WHO Lifts Travel Advisory for Beijing
By John Pomfret
Washington Post Foreign Service
Wednesday, June 25, 2003; 10:33 AM
BEIJING, June 24 -- The World Health Organization lifted its warning against travel to Beijing today in a major victory against SARS, a disease that is believed to have erupted in China and spread across the world in part because of a Chinese government cover-up.
On a postcard-perfect summer day, residents of the Communist Chinese capital celebrated in typically capitalist fashion -- flocking to stores holding massive sales. The Communist government, meanwhile, filled the nightly state-run news with self-congratulatory paeans to the Communist Party without which, the news reports said, defeating SARS would have been all but impossible.
"WHO has decided that the travel advisory against Beijing is lifted with immediate effect," said Shigeru Omi, WHO regional director for the Western Pacific. "WHO concluded that the risk to travelers to Beijing is now minimum."
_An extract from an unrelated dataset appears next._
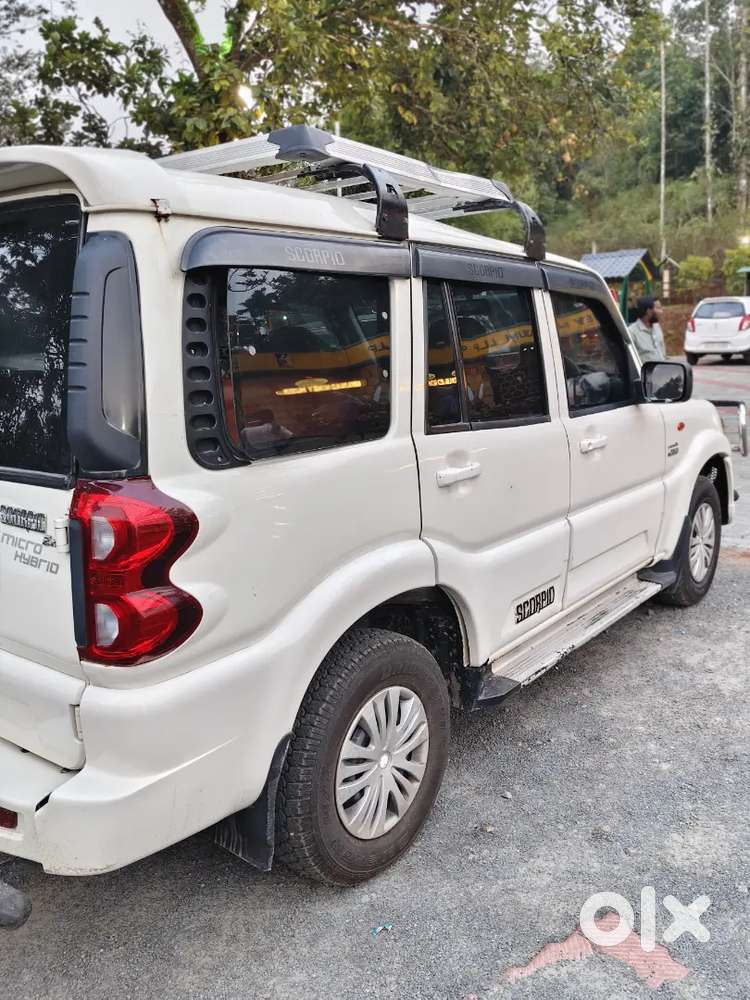 Scorpio 2013 White Color – Neat & Maintained Condition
The WHO's announcement marked "a milestone in the fight against SARS, not only in China but in the world," said Omi at a news conference in Beijing.
Beijing was the last area subject to a WHO travel warning because of Severe Acute Respiratory Syndrome, which has infected more than 8,000 people worldwide and killed more than 800. In China, 5,326 people contracted SARS and 347 died most of them in Beijing. In the past weeks, the WHO has lifted its travel advisory to four Chinese provinces, Taiwan and Hong Kong.
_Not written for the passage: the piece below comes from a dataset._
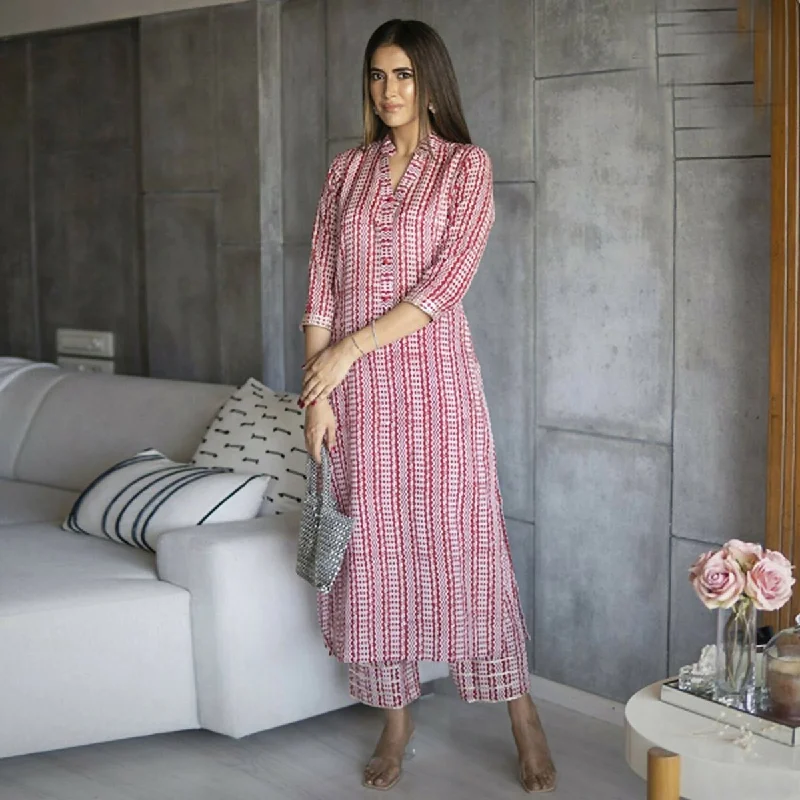 Aayaa Pure Muslin printed Kurti & Pant - Maroon red Fashionable Tapered Leg Pants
Just a few weeks ago, panic filled the streets of this Asian capital, an estimated 1 to 2 million people fled the city and stores, restaurants and hotels had shut down all over town. Beijing's ubiquitous traffic jams disappeared. And in the countryside surrounding the capital, villagers had built road blocks to bar entry to anyone from the city. Economists issued dire predictions about a downturn in China's economy.
But since late May, things have begun to return slowly to normal. Traffic pileups are again a daily occurrence. And in the corridors of business, deals are being signed again at a furious pace. Trade figures show that SARS has not hurt China's economy as much as expected. In May, for example, the country posted by far its largest single trade surplus of the year so far -- $2.23 billion with exports rising 37.3 percent and imports climbing 40.9 percent. Economists said the effects have generally been limited to airlines, hotels and restaurants. On the other hand, the medical insurance business is booming and e-trade on the Internet has gotten a boost.
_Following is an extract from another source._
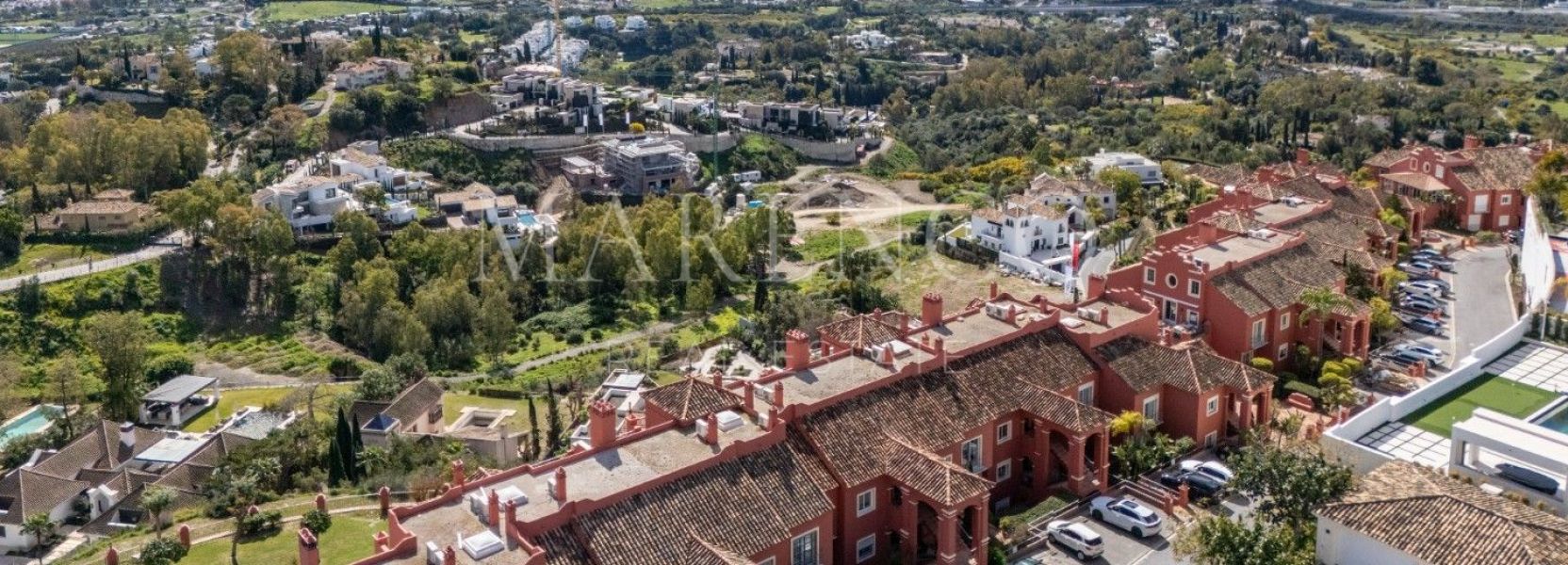 Atico Duplex  en Monte Halcones, Benahavis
The WHO announcement came after the number of cases in Beijing's hospitals dwindled to 46, below the WHO standard of fewer than 60 that is required to withdraw the advisory. While some medical experts have questioned Beijing's sudden success at controlling the disease, Omi also said the WHO was satisfied that Beijing was preventing the disease from spreading to areas outside the city and the municipal government had established effective measures to trace the source of infection. "The chain of human-to-human transmission in Beijing has been broken," Omi said. "In spite of this excellent achievement we have to remain vigilant. There is no room for complacency."
China's state-run media seized on the announcement as a sign of the superiority of the Communist system.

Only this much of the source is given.